___ RECORDS FOR PROCESSING
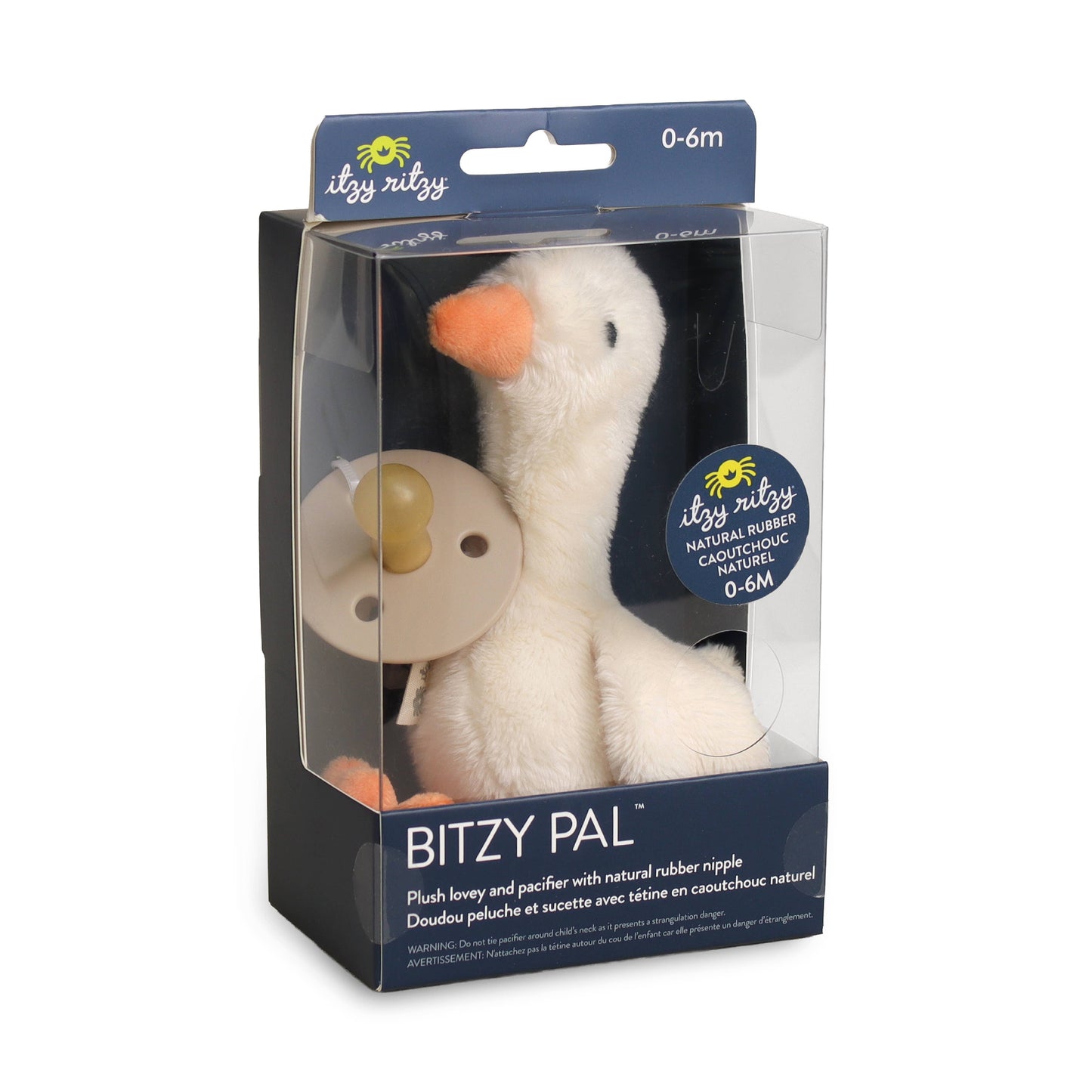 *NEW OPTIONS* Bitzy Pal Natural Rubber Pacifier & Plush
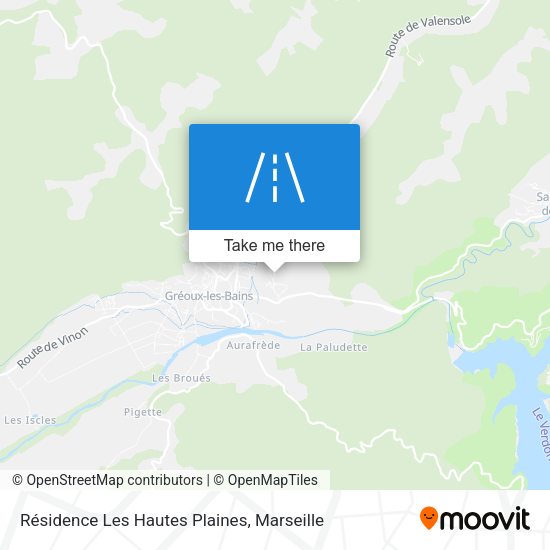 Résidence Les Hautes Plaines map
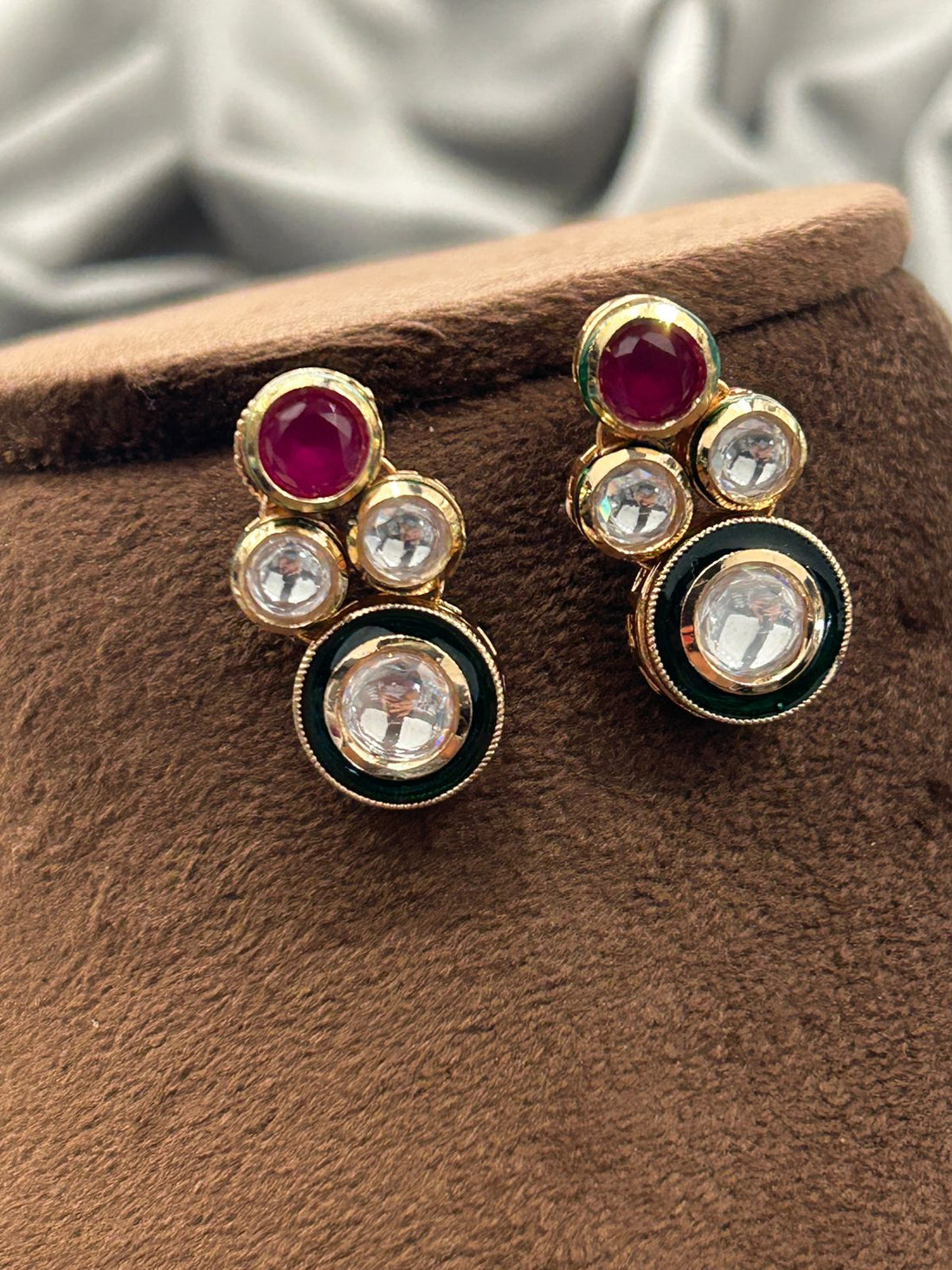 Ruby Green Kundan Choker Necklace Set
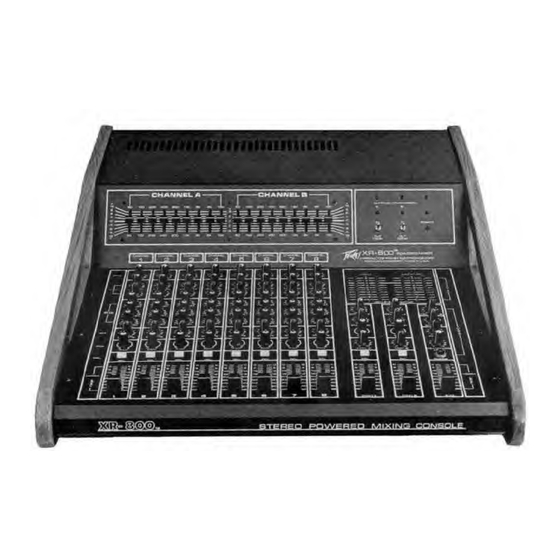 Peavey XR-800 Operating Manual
______
___ RECORDS FOR PROCESSING
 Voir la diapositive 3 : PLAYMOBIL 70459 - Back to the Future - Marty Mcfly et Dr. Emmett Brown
______
[WHAT TO WORK ON]:
Working from the data above, repeat exactly, and only, the lines that begin at the line containing "Pacifier & Plush" and stop after the line containing "Peavey XR-800 Operating Manual"; pictures are not copied.

[REPLY]:
 *NEW OPTIONS* Bitzy Pal Natural Rubber Pacifier & Plush
 Résidence Les Hautes Plaines map
 Ruby Green Kundan Choker Necklace Set
 Peavey XR-800 Operating Manual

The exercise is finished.